I was personally offended, when I encountered it, myself, but that’s long past.
I just find it offensive, that experience is ignored, or even shunned.
I started in hardware, and we all had a reverence for our legacy. It did not prevent us from pursuing new/shiny, but we never ignored the lessons of the past.
The only thing that seems to change this is consequences. Take a random person and just ask them to do something, and whether they do it or not is just based on what they personally want. But when there's a law that tells them to do it, and enforcement of consequences if they don't, suddenly that random person is doing what they're supposed to. A motivation to do the right thing. It's still not a guarantee, but more often than not they'll work to avoid the consequences.

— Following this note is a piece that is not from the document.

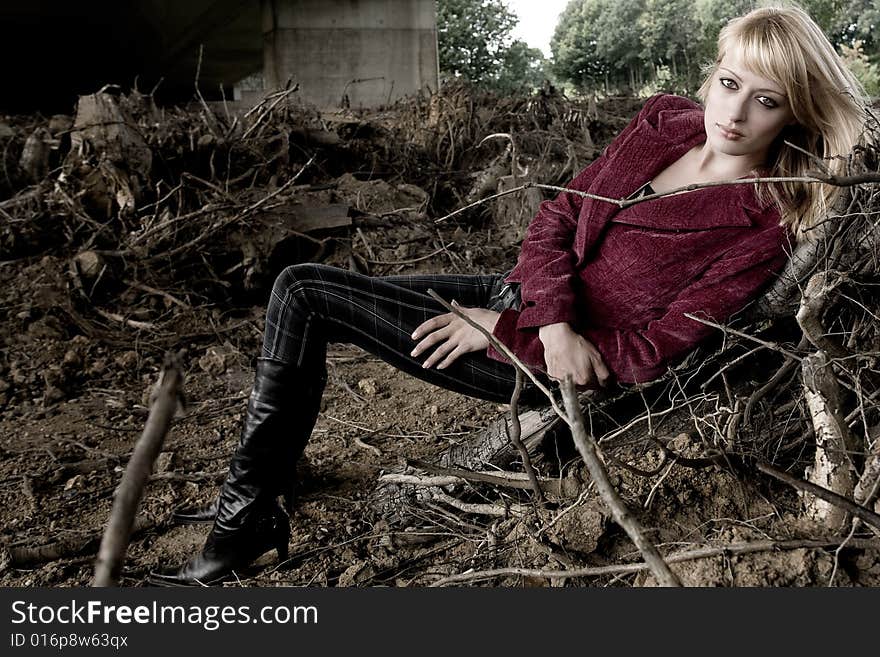 Fashion shoot of a beautiful girl under a bridge. Fashion shoot of a beautiful girl under a bridge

Therefore if you want software projects to stop failing, create laws that enforce doing the things in the project to ensure it succeeds. Create consequences big enough that people will actually do what's necessary. Like a law, that says how to build a thing to ensure it works, and how to test it, and then an independent inspection to ensure it was done right. Do that throughout the process, and impose some kind of consequence if those things aren't done. (the more responsibility, the bigger the consequence, so there's motivation commensurate with impact)
That's how we manage other large-scale physical projects. Of course those aren't guaranteed to work; large-scale public works projects often go over-budget and over-time. But I think those have the same flaw, in that there isn't enough of a consequence for each part of the process to encourage humans to do the right thing.
If there was sufficient consequence for this stuff, no one would ever take on any risk. No large works would ever even be started because it would be either impossible or incredibly difficult to be completely sure everything will go to plan.
So instead we take a medium amount of caution and take on projects knowing it's possible for them to not work out or to go over budget.
Ah finally - I've had to scroll halfway down to find a key reason big software projects fail.
<rant>
I started programming in 1990 with PL/1 on IBM mainframes and for 35 years have dipped in and out of the software world. Every project I've seen fail was mainly down to people - egos, clashes, laziness, disinterest, inability to interact with end users, rudeness, lack of motivation, toxic team culture etc etc. It was rarely (never?) a major technical hurdle that scuppered a project. It was people and personalities, clashes and confusion.
</rant>
Of course the converse is also true - big software projects I've seen succeed were down to a few inspired leaders and/or engineers who set the tone. People with emotional intelligence, tact, clear vision, ability to really gather requirements and work with the end users. Leaders who treated their staff with dignity and respect. Of course, most of these projects were bland corporate business data ones... so not technically very challenging. But still big enough software projects.
Gez... don't know why I'm getting so emotional (!) But the hard-core sofware engineering world is all about people at the end of the day.
https://en.wikipedia.org/wiki/Auburn_Dam
https://en.wikipedia.org/wiki/Columbia_River_Crossing
If you're 97% over budget, are you successful? https://en.wikipedia.org/wiki/Big_Dig
I don't like this as a metric of success, because who came up with the budget in the first place?
If they did a good job and you're still 97% over then sure, not successful.
But if the initial budget was a dream with no basis in reality then 97% over budget may simply have been "the cost of doing business".
It's easier to say what the budget could be when you're doing something that has already been done a dozen times (as skyscraper construction used to be for New York City). It's harder when the effort is novel, as is often the case for software projects since even "do an ERP project for this organization" can be wildly different in terms of requirements and constraints.
That's why the other comment about big projects ideally being evolutions of small projects is so important. It's nearly impossible to accurately forecast a budget for something where even the basic user needs aren't yet understood, so the best way to bound the amount of budget/cost mismatch is to bound the size of the initial effort.